SUMMARY: Like Saul of Tarsus with the scales falling from his eyes, a Dobson defector recants homophobia -- and other "un-American" sins. Is it the road to Damascus...or the road to book sales?
"I apologize to any American who has felt the sting of James Dobson and the Christian Right wagging their holier-than-thou fingers in your face, shrieking that because your views differ from theirs, you are ungodly, evil and unworthy of the rights of full citizenship," said Gil Alexander-Moegerle, a co-founder with Dobson of Focus on the Family (FOF), at a press conference this morning at the Gay and Lesbian Pridecenter in Colorado Springs, Colorado. That city is home to the headquarters of FOF, which according to the National Gay and Lesbian Task Force is now the largest right-wing group in the U.S., with 1,300 staff, affiliates in 30 other states, and an annual budget of more than $110-million. [Not coincidentally, Colorado Springs, where several other right-wing Christian organizations have followed FOF, is also familiar as "Ground Zero," the birthplace of Colorado's anti-gay ballot initiative Amendme! nt 2, passed by voters in 1992 and struck down by the U.S. Supreme Court last year.]
Alexander-Moegerle extended more specific apologies -- for Dobson's behavior, not his own -- to women; to African Americans and other ethnic minorities; to Jews, Muslims, Hindus, Buddhists, and atheists; to news reporters; and "to lesbian and gay Americans who are demeaned and dehumanized on a regular basis by the false, irresponsible, and inflammatory rhetoric of James Dobson's anti-gay radio and print materials."
He further apologized "to my fellow Christian Americans, many of whom have been misled by a man I once loved and trusted. I hope you will not make the same mistake I made in letting my personal loyalty to an old friend blind me to the unchristian and un-American words and actions of James Dobson and so many of his Focus on the Family guests."

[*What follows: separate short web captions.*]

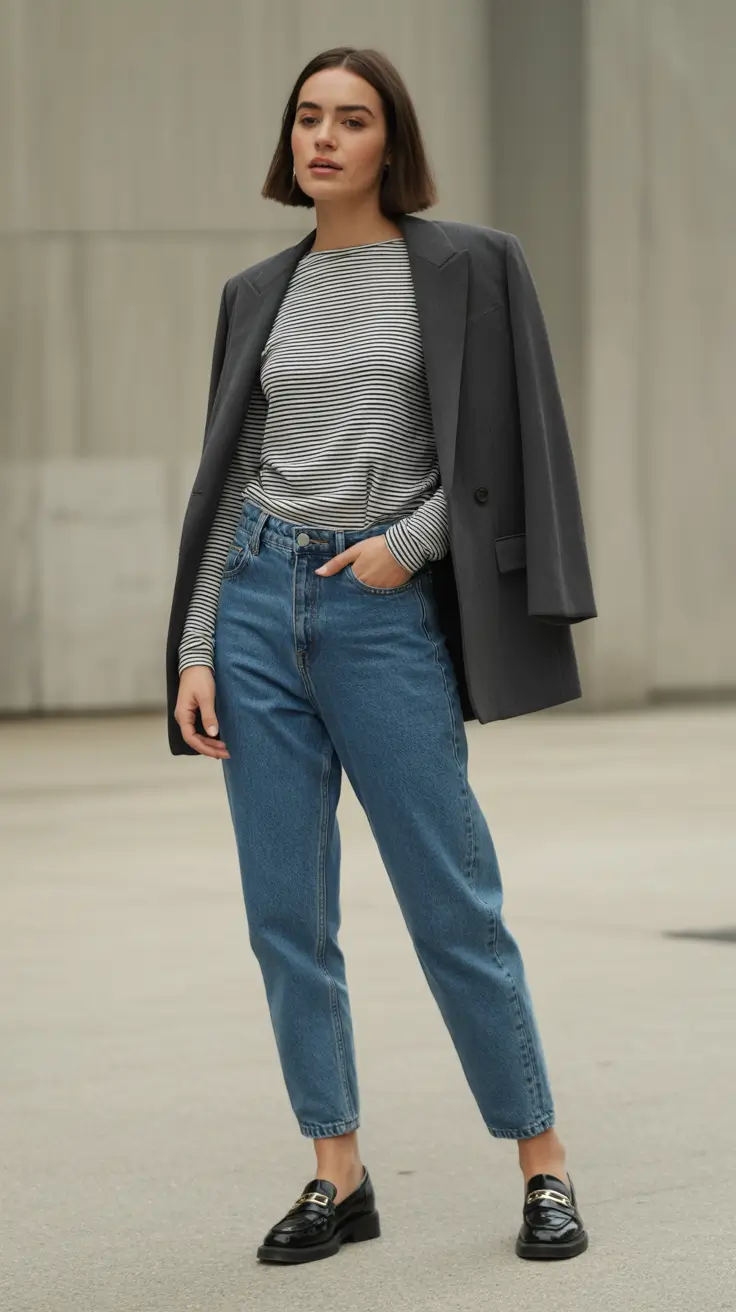 Jeans outfit inspiration 2026 The Modern Minimalist Striped Combo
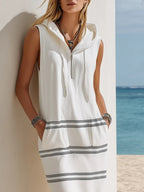 Marina | Striped Hooded Sleeveless Maxi Dress oaklynwear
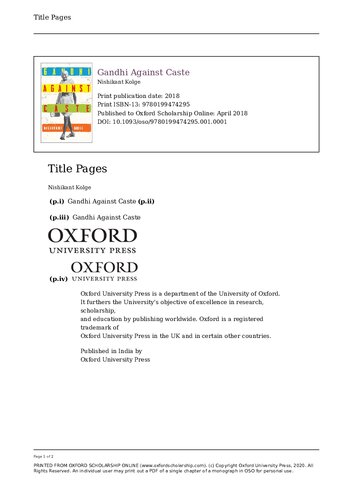 ﻿گاندی در برابر کاست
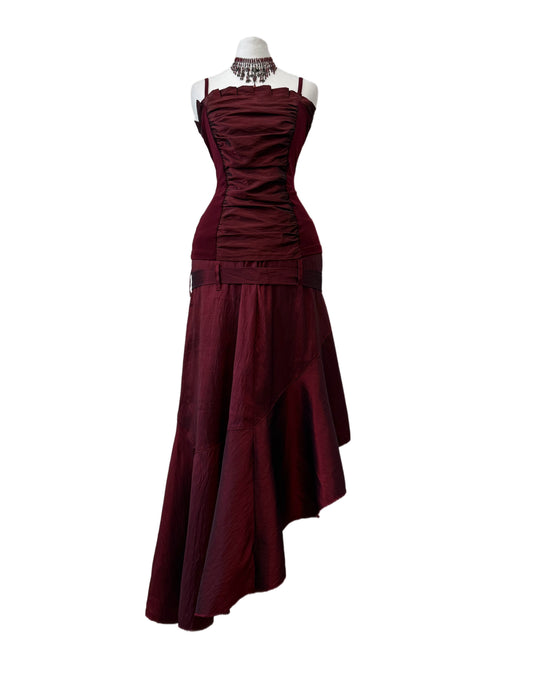 Burgundy Asymmetrical Dress Set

Alexander-Moegerle indicated that his statement had been prompted by conservative radio talkshow host and popular Jewish philosophical writer Dennis Praeger that, "Civility requires that responsible members of the various groups that make up a culture have the courage to apologize to the rest of society for bad people within their group." Not surprisingly, Alexander-Moegerle also has a book to push, "James Dobson's War on America" (Prometheus Books, 1997), which he calls "the first book to critique James Dobson's character, style and political agenda from an insider's perspective." That critique describes the Dobson approach as the "'I've fallen morally and I can't get up without new legislation' theory."
Alexander-Moegerle identifies himself as one of the seven members of FOF's original Board of Directors, a signer to its founding documents twenty years ago along with Dobson and Dobson's wife Shirley. He takes credit for setting up the group's Broadcast, Publication and Mail Processing Divisions, including serving as founding editor of "Focus" magazine (current circulation in combination with other FOF publications reportedly 3 million) and as an on-air co-host of the daily "Focus on the Family" radio show (heard daily on over 3,000 stations worldwide with listenership reportedly 5 million).
His own separation from the organization is not discussed in Alexander-Moegerle's planned press statement. According to a review of his book in "The Political Investigator," the author is not without a personal axe to grind when it comes to his long-time associate. "Dobson is a ruthless and invasive manager," says the article, "and ended up firing Alexander-Moegerle because of a divorce and later remarriage (the new relationship was not the cause of the earlier breakup, he had met her after his separation from his wife). He did so in a way which clearly violated Alexander-Moegerle's privacy." In spite of that, that reviewer concluded that, "it does not seem that this profile of Dobson is merely an attempt at revenge."
Alexander-Moegerle told the Colorado Springs gathering that FOF was founded with only two objectives: to help Americans raise their children and maintain their marriages. He attributes the politicization of the group strictly to Dobson, and he calls Dobson's politics both un-American and unchristian for being "exclusionary" and "demonizing" of other points of view. Alexander-Moegerle called on Dobson to stand aside from politics, to separate from Gary Bauer and his Family Research Council in particular (which was formally part of FOF from 1988-1992), to cancel his political radio series and magazine "Family News in Focus" and "Citizen," to cease his lobbying and grassroots political organizing efforts, and to return to the original goals of the organization.